Advertising and marketing are two closely related disciplines, but they are not the same thing. Pay Per Click (‘PPC’) advertising — Facebook, Instagram, TikTok, Google etc — is ONE form of advertising, and is different from the others*. Why does this matter? Because understanding it will change the way you approach your online advertising, and may save you a heck of a lot of time and money.
Marketing is a broad discipline that encompasses all of the activities involved in getting a product or service from the manufacturer to the customer. It includes everything from product development and research, to promotion and sales. Most self-employed marketers will specialise in one or maybe two aspects of marketing e.g. branding.
Advertising is a limb of marketing that focuses on creating awareness of a product or service. It is media space or time which you pay for.
Up until about 10 years ago, you could expect most advertisers to have some sort of marketing training or background. I’m old school and started my career in a London agency where I learnt copywriting, research, and sales psychology. I’ve also worked in media buying. I mention this because, while thinking about it, I sometimes hear new or very young online advertisers refer to themselves as media buyers which is normally incorrect.
PPC advertising is, quite literally, when you run your ads on one of the platforms and every time someone clicks on your ad you pay the host a charge. It is not the same as media buying where you pay in advance for ‘impressions’ usually according to a geographic location. Understanding this can have a big impact on your budget. If you are paying for clicks then you need to make sure that your ad is effective and that people are actually engaging with it.
On the other hand, if you are paying for impressions then you need to make sure that your ad is seen by as many people as possible. Can you see the difference here? To put it more succinctly, a good and experienced online advertiser will understand that ‘reach’ (i.e. impressions) is usually far less important to a business than clicks and conversions and create their ads accordingly.
Online advertising is a process. In fact, anyone who’s ever listening to my training or presentations about Facebook ads may tell you they left the session with the words, ‘Facebook ads are a process’ ringing in their ears!
The process for creating a really good ad campaign starts with audience and competitor research. Even if you think you know who your audience is, unless you actually have hard evidence, then please don’t be tempted to skip this process. Firing out a bunch of online ads which you’ve narrowed down by ‘age’ and ‘gender’ is no different to standing outside Leeds train station and handing out flyers to every man/woman who looks like they’re about 30/50 years old or whatever your parameter was.
Marketers are taught how to create tailored audience personas. To go deep into your ideal customer’s psyche and get a feel for what they want, their needs and desires, their pain points, and how your product solves these. My own customer persona descriptions can take up five sheets of A4 paper — that’s how deep I go!
Then there are your competitors. What are they doing well? What could they (you) improve upon? How can you position yourself in a way that sets you apart from them.
Spending time on this, and doing it properly, really will save you time and money in the long run.
It’s at this point however that advertising deviates from marketing.

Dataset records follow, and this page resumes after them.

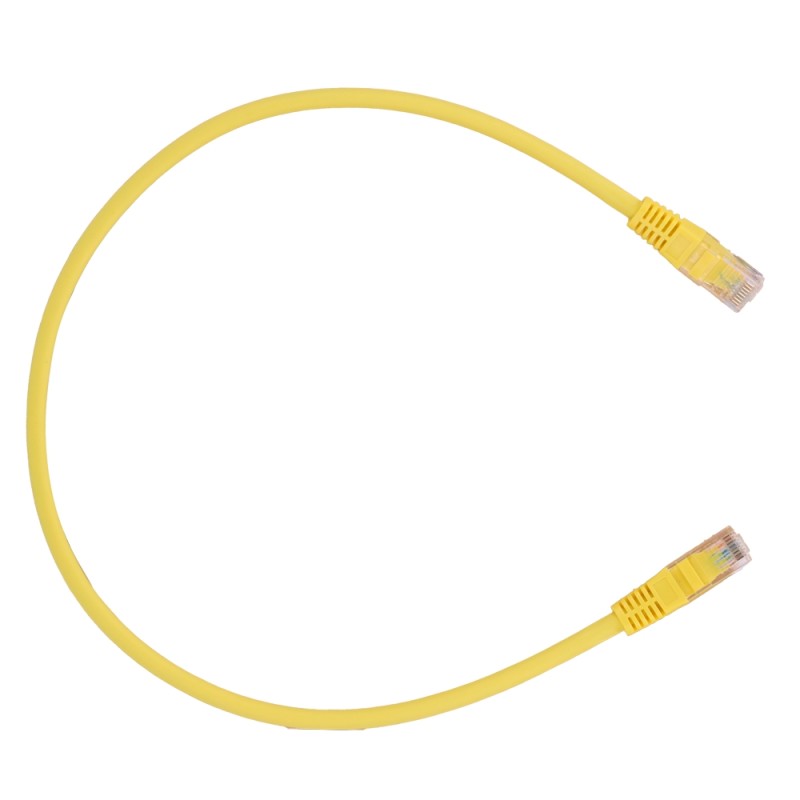 SAFIRE | UTP Kabel Ethernet Verbinder RJ45 Kategorie 6 0,5 m Gelb | UTP6-H-05Y
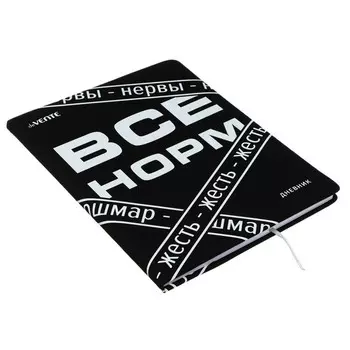 Дневник универсальный для 1-11 класса "Все Норм", твёрдая обложка, искусственная кожа, с поролоном, ляссе, 80 г/м2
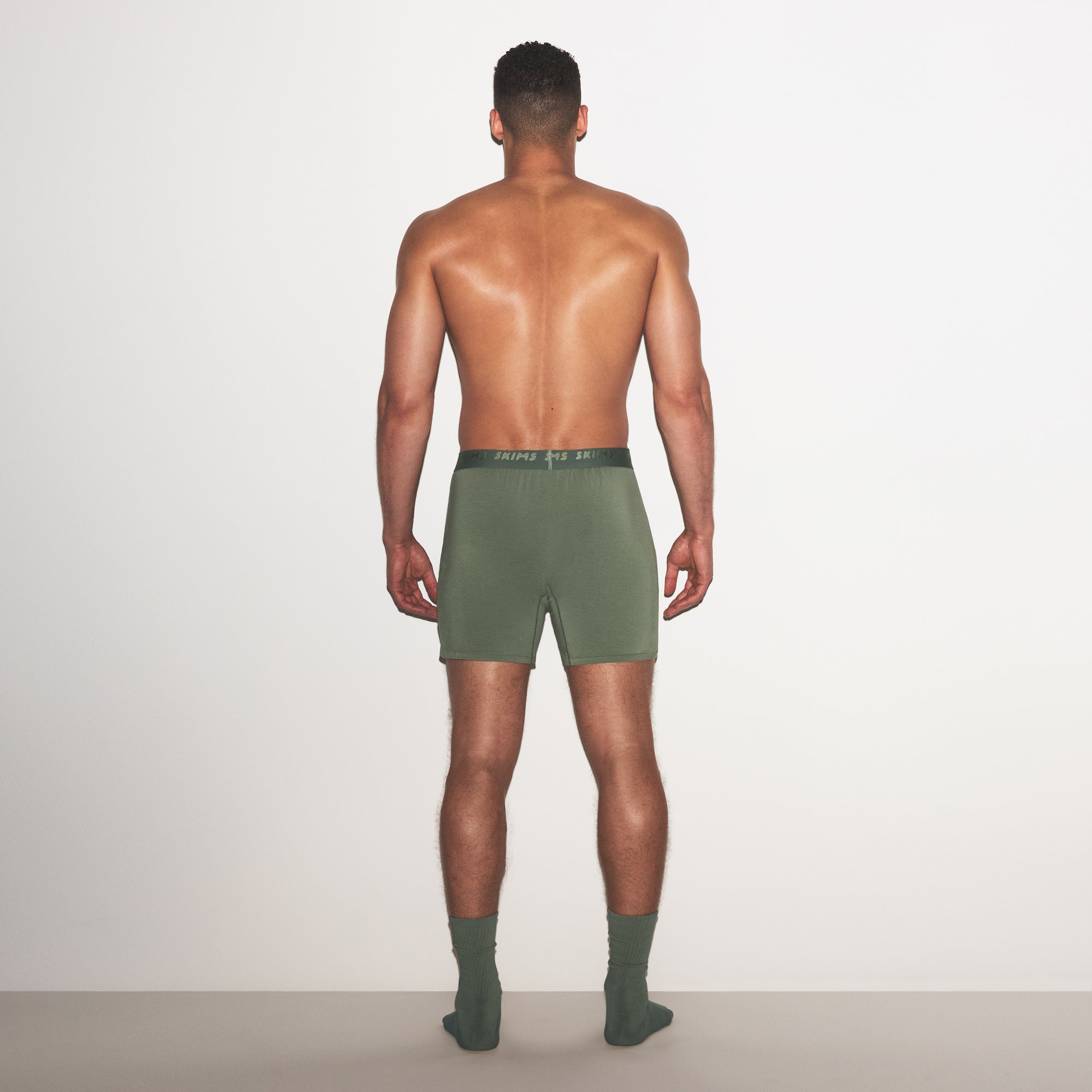 SKIMS STRETCH MENS KNIT BOXER 3-PACK | LAUREL MULTI - Sneaker Türkiye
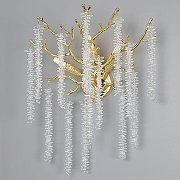 Бра Kink Light Шанти 07871D,33 цвет плафона/подвески Прозрачный, цвет арматуры Золото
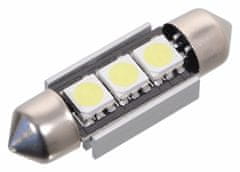 Compass  Žiarovka 3 SMD LED 12V suf. SV8.5 36mm s rezistorom CAN-BUS ready biela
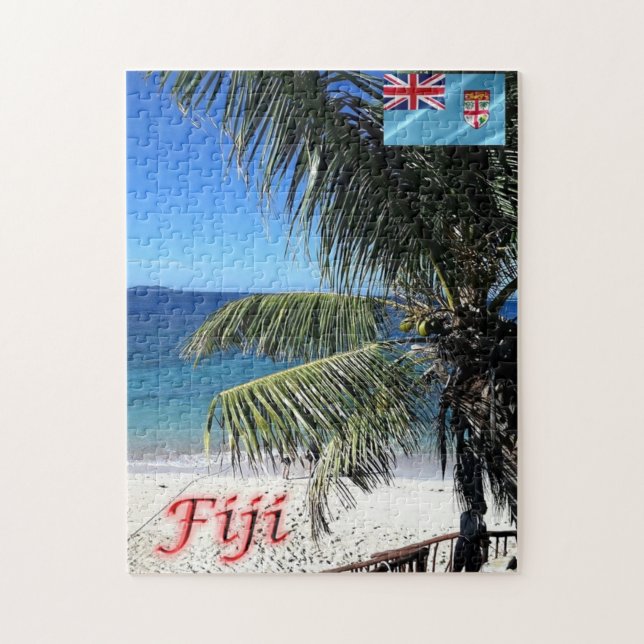 Fiji -  Matamanoa - Beach - Jigsaw Puzzle (Vertical)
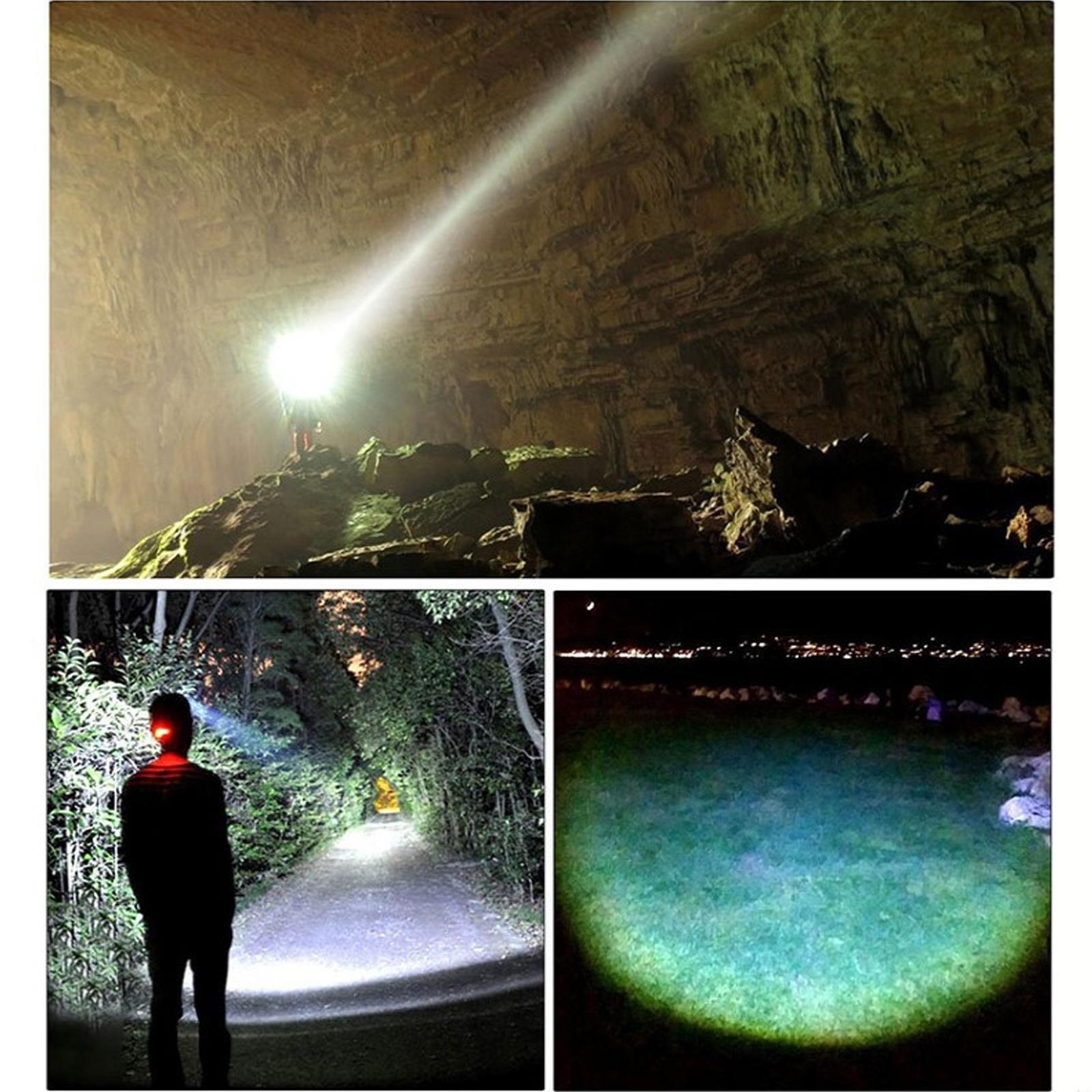 5 LED Headlamp Outdoor Headlamp Flashlight 3000 Lumens 200 meters LED Head Torch Head Light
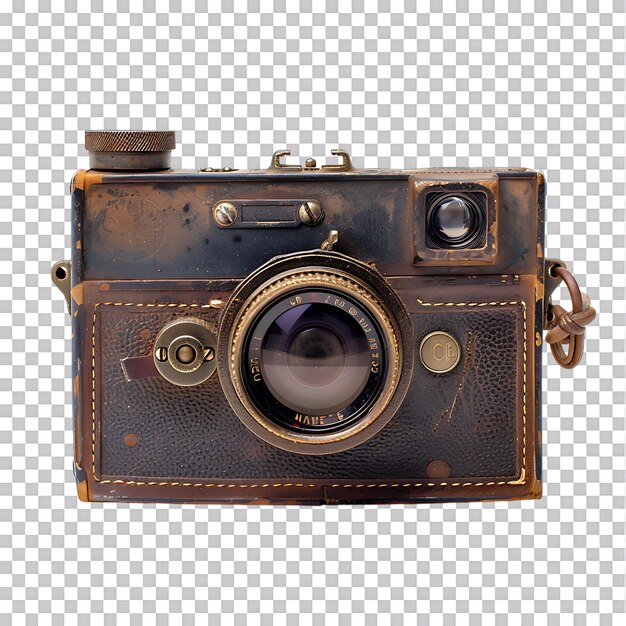 PSD brown camera over transparent background ai generated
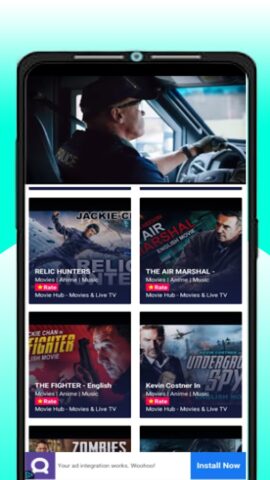 Movie Hub – Movies & Live TV for Android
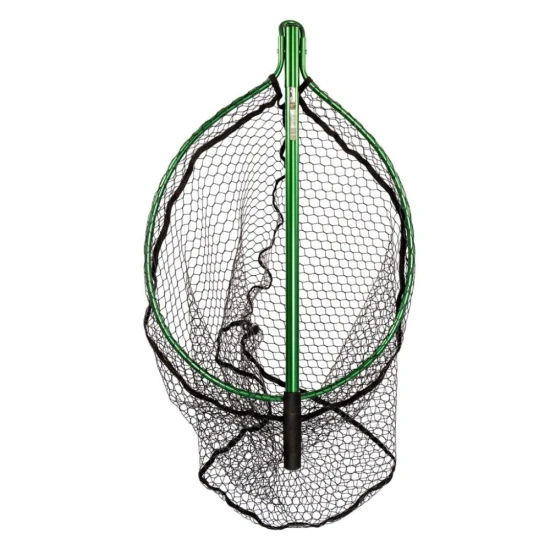 Snowbee Folding Salmon/Pike Landing Net with Rubber-Mesh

Whereas a marketer will normally bring the product to the audience, an advertiser does it the other way around.
A marketer will take their product and, using a blend of approaches (PR, influencers, events etc), put it before the audience and encourage them to engage with it.
An advertiser is focused on creating messages that speak to the needs and interests of potential buyers. The goal is to reach as many people in the target audience as possible and lead them to the product (‘click here to learn more’).
This is a subtle but important difference in approach.
Perhaps you can now see that while online advertising is a discipline in itself, the most effective practitioners are the ones with a wide skill-base and a well-rounded background. I have met and worked with some fantastically data focussed and tech-minded PPC experts who could analyse and optimise campaigns to an amazing level but their advertising just didn’t convert. Usually because the advertiser was completely focussed on the metrics forgot to think from a customer-centric point of view.
Many self-styled ‘Facebook ads experts’ got caught out in the Apple iOS update a couple of years ago. This was because they were relying on third party data collected from pixels and email lists to target their ads to Facebook-curated lists of the customers. This change had a massive impact on their ability to do this and, as a result, those who had no real advertising training were left high and dry. It was a bit like relying 100% on your calculator to get you through an arithmetic test, and then being asked to take one without it.
A good online advertiser should:
· Write great copy
· Create and utilise graphics and imagery
· Understand the numbers
· Be able to conduct proper research
· Have some understanding of audience and buyer psychology
· Understand the tech (e.g. basic coding and integrations)
Hopefully, if you’ve read this far, you now know that online advertising is its own unique beast that should not be approached with the same mindset as marketing or media-buying. It requires a different skill set and knowledge base to create great ads. When someone asks for ‘Facebook Ads’ what they are asking for is one small part of a much larger whole. If a new or inexperienced advertiser doesn’t really understand how all their different pieces fit together, it’s going to be hard to create a great, effective campaign that converts.
Did you learn anything new reading this? Let me know in the comments!
In case you were wondering, the others are: Native advertising, Display advertising, Print advertising, Broadcast advertising, Outdoor advertising.